WORK TASK –
Beneath this sentence is a listing. Return its lines from the one containing "NEW CHRISTMAS SONG II" through the last, exactly, and omit the pictures.

TASK INPUTS –
----

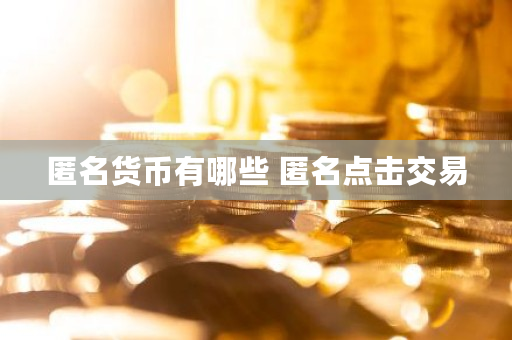 匿名货币有哪些 匿名点击交易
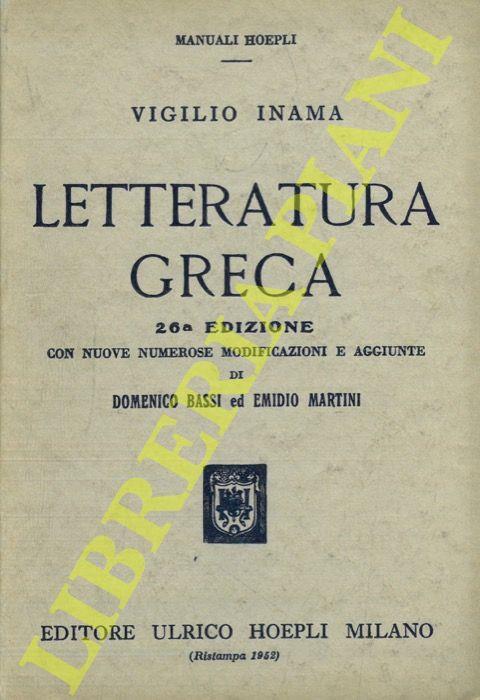 Letteratura greca. 26a edizione con nuove numerose modificazioni e aggiunte di D. Bassi ed E. Martini - Vigilio Inama - copertina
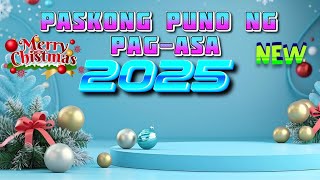 NEW CHRISTMAS SONG II PASKONG PUNO NG PAGASA 2025💘🙏🎄new christmas song 2024 2025 [upl. by Yeoz]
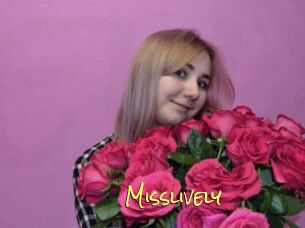 Misslively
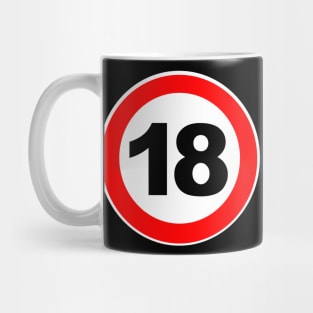 18th Birthday Gift Road Sign Finally Adult Mug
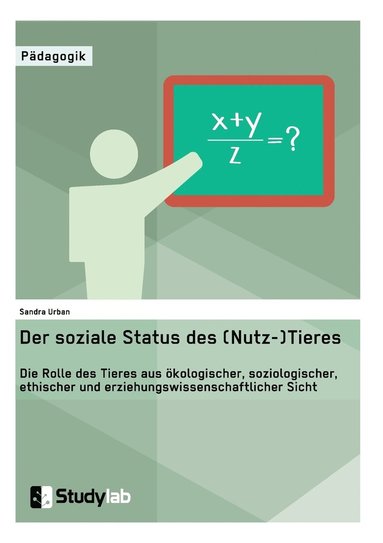 bokomslag Der soziale Status des (Nutz-)Tieres. Die Rolle des Tieres aus oekologischer, soziologischer, ethischer und erziehungswissenschaftlicher Sicht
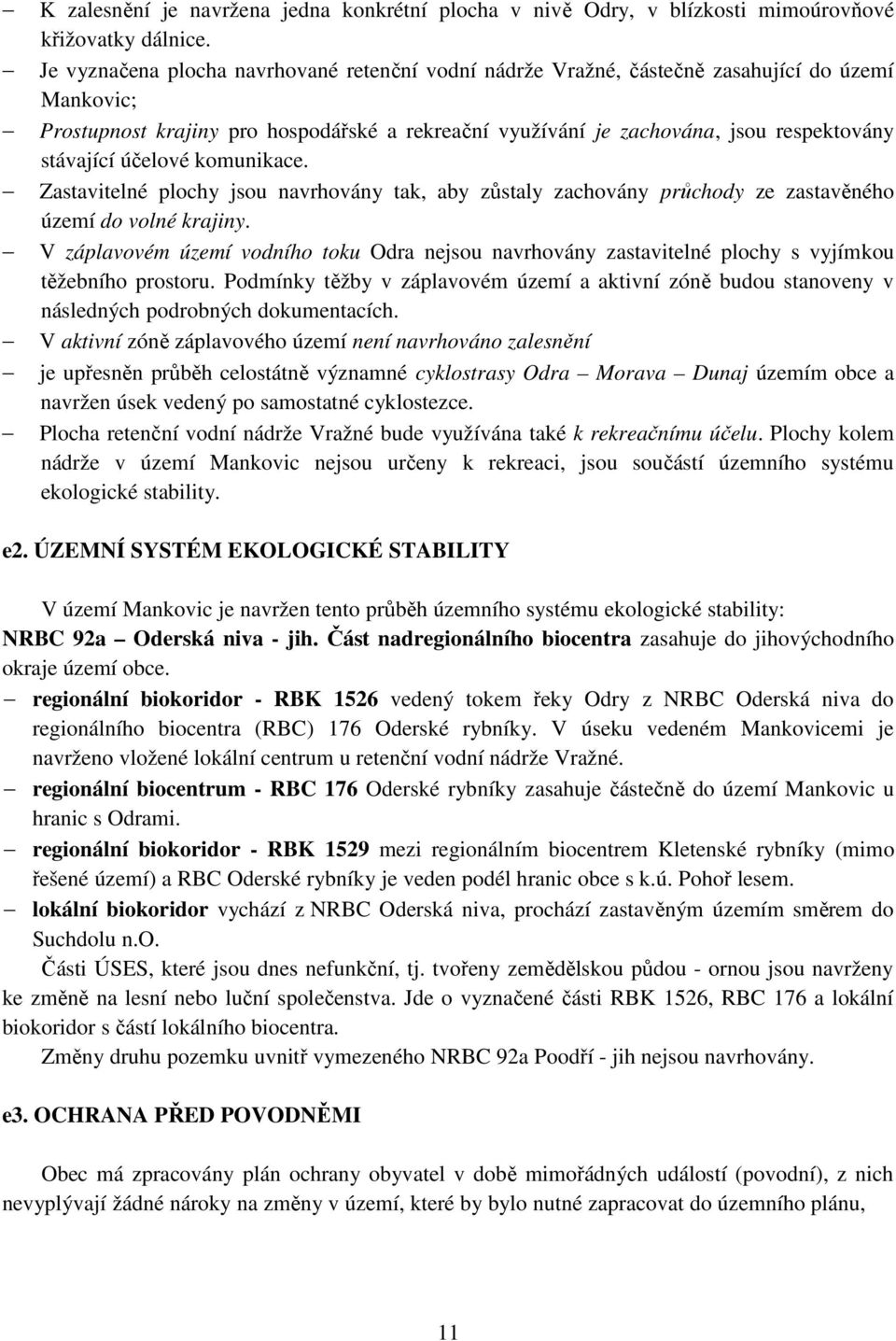 účelové komunikace. Zastavitelné plochy jsou navrhovány tak, aby zůstaly zachovány průchody ze zastavěného území do volné krajiny.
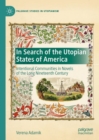 Image for In search of the utopian states of America: intentional communities in novels of the long nineteenth century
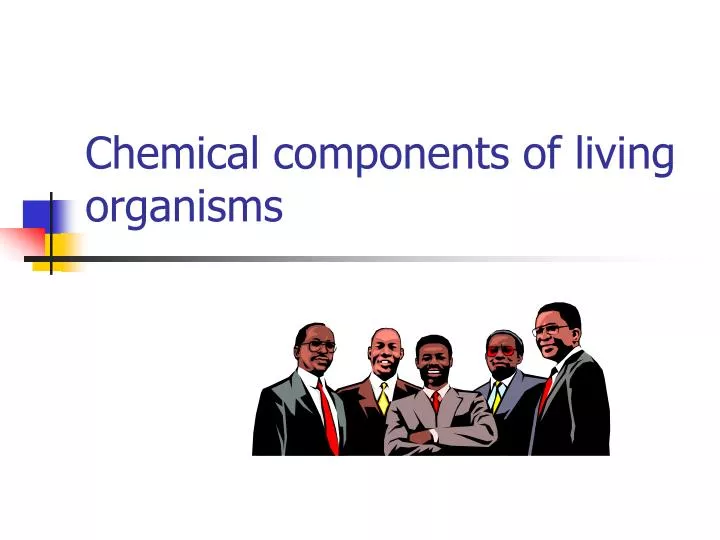 chemical components of living organisms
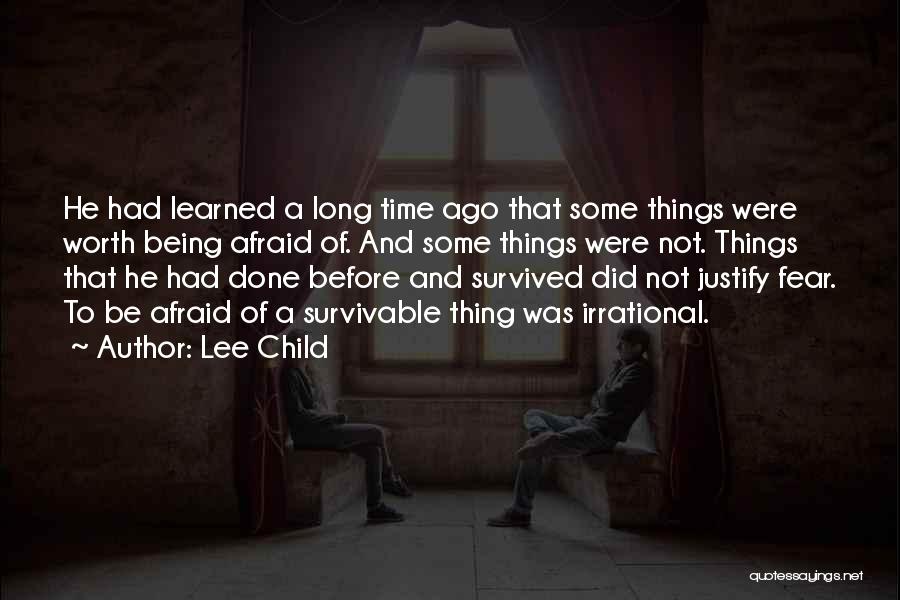 Being Worth Someone's Time Quotes By Lee Child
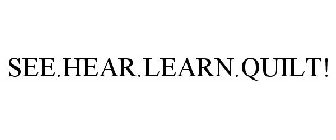 SEE.HEAR.LEARN.QUILT!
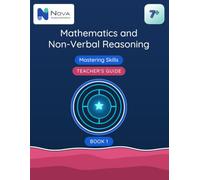 7+ Mathematics and Non-Verbal Reasoning: Mastering Skills: Book 1: Teacher's Guide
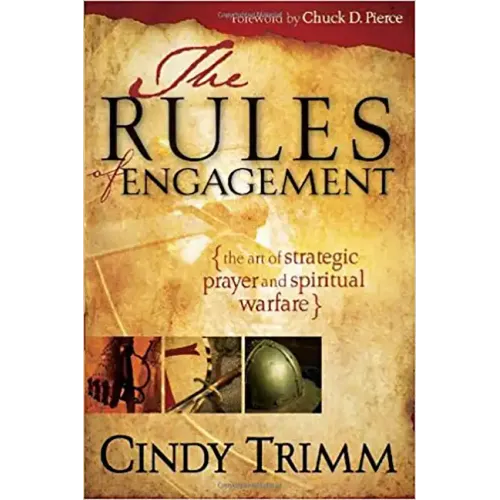 Rules of Engagement: The Art of Strategic Prayer and Spiritual Warfare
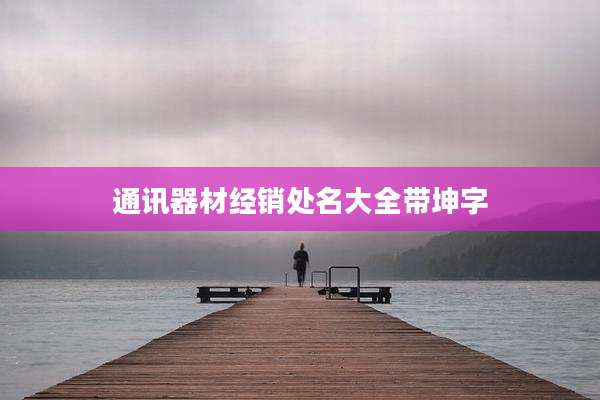 通讯器材经销处名大全带坤字
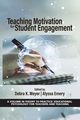 Teaching Motivation for Student Engagement, 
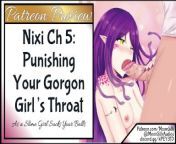 Patreon Preview: Nixi Ch 5: Using Your Gorgon Girl&apos;s Throat! from snake girl sexion xxxmanna puku s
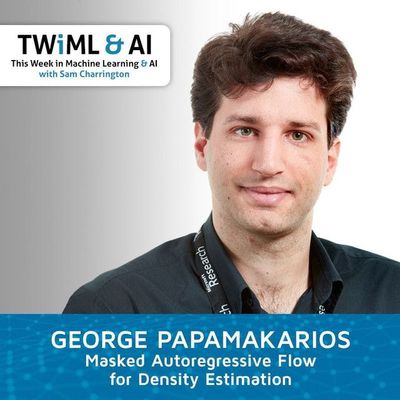 Masked Autoregressive Flow for Density Estimation with George Papamakarios - TWiML Talk #145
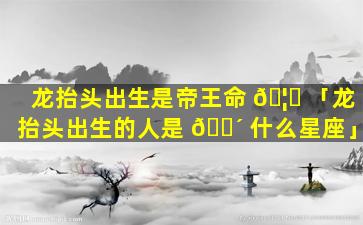 龙抬头出生是帝王命 🦈 「龙抬头出生的人是 🐴 什么星座」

----

RESPONSE TO THIS TASK –
 NEW CHRISTMAS SONG II PASKONG PUNO NG PAGASA 2025💘🙏🎄new christmas song 2024 2025 [upl. by Yeoz]
 Misslively
 18th Birthday Gift Road Sign Finally Adult Mug
 bokomslag Der soziale Status des (Nutz-)Tieres. Die Rolle des Tieres aus oekologischer, soziologischer, ethischer und erziehungswissenschaftlicher Sicht
 účelové komunikace. Zastavitelné plochy jsou navrhovány tak, aby zůstaly zachovány průchody ze zastavěného území do volné krajiny.
 Image for In search of the utopian states of America: intentional communities in novels of the long nineteenth century
 chemical components of living organisms
 Being Worth Someone's Time Quotes By Lee Child
 SEE.HEAR.LEARN.QUILT!
 7+ Mathematics and Non-Verbal Reasoning: Mastering Skills: Book 1: Teacher's Guide
 Rules of Engagement: The Art of Strategic Prayer and Spiritual Warfare
 通讯器材经销处名大全带坤字
 Teaching Motivation for Student Engagement, 
 Patreon Preview: Nixi Ch 5: Using Your Gorgon Girl&apos;s Throat! from snake girl sexion xxxmanna puku s
 Masked Autoregressive Flow for Density Estimation with George Papamakarios - TWiML Talk #145
 龙抬头出生是帝王命 🦈 「龙抬头出生的人是 🐴 什么星座」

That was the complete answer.